I just stare at Haymitch, not knowing what to say.
"How can they just publish stuff about us like this without our permission?" Peeta asks from behind me.
"Did they ask your permission before sending you to your death in the Hunger Games?"
"Things are different now," Peeta ventures. "This isn't the old hegemonic Panem anymore. It's a new republic."
"Watch how little things change," Haymitch spits. "I'll believe it when I see it in the finalized Constitution, my boy. Until then, nothing has changed."
"These are our lives and they just trivialize it by turning it into entertainment," I say.
"It would have been that way anyway for you as Victors," Haymitch sighs. "My advice? Just get married and get boring. There's no surer way for your star to self-destruct."
"I don't want the government any more involved in my life than it already has been. I don't need a piece of paper from the government telling me who is and who is not part of my family, with whom I can and cannot live, with whom I can and cannot have a sexual relationship—" and then I stop because in my great declaration of anarchism, I forget that I'm thinking out loud and yesterday is still on my mind. And Haymitch is standing there and the fewer details he has, the better.
"You're a celebrity, sweetheart," Haymitch pats me on the head. "While the nation was recovering from the rebellion, it gave you your space while you recovered, too. Now that we're all back on our feet, the world wants to know what you've been up to."
"Who cares! Does no one have anything better to do? Peeta and I, we're boring now as it is. We're not fighting for our lives or causing political upheaval. We're working in a diner."
"Have you already forgotten what got people watching in the first place?" Haymitch laughs.
"You really have no idea the effect you have on people, Katniss," Peeta says as he reaches for my hand.
"Oh, come on, Peeta. Really, Katniss just turns you into an idiot. It's not her they want. It's you."
"Me?" Peeta asks.
"No," Haymitch corrects. "You. Plural. They want the happy ending."
This infuriates me to no end.
"I find this hard to believe since just a few years ago they were practically salivating at the idea of Peeta and I murdering each other in cold blood," I huff.

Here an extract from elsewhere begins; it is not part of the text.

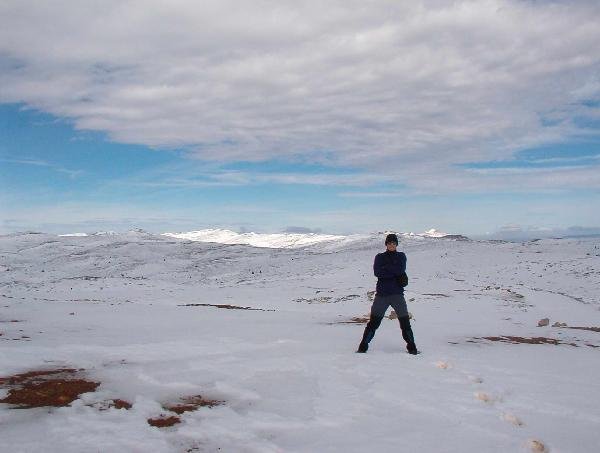 Cima del Buitre (1957 m) mirando hacia el noroeste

"Well, but you changed their minds, didn't you?" Haymitch said. "You showed them the Districts didn't have just second-class citizens. You're just as human as they are. You aren't roosters in a cock fighting ring. You're children! Children that have hopes and dreams and can love. You both made people see that no one can do anything alone but together..." Haymitch pushes us closer.
"Together we changed the rules of the game," Peeta says silently while gripping my hand.
It's overwhelming and I feel weak in my knees. This is too much power to place in the hands of two kids in the precipice of adulthood. I want to disappear from the world and just go back to the place where I went so unnoticed that no one bothered to feed me.
Who said anything about love and happy endings and together? Where I'd left off, we were two best friends that happened to have a lot of sexual tension and slept together once. Well, not once, but one day. I once again find myself being told what I'm feeling and being pushed back toward Peeta. You could do a lot worse. I don't like being pushed and I want to push back.
Haymitch huddles the two of us in his arms in what I believe to be a rare display of emotion. He appears to lean in to kiss each of us tenderly on the cheek but instead squeezes us impossibly closer yet and whispers so only we can hear him, "In the new game, make sure the odds stay ever in your favor."
Peeta and I exchange looks of confusion.
"Remember," he winks. "The world will be watching."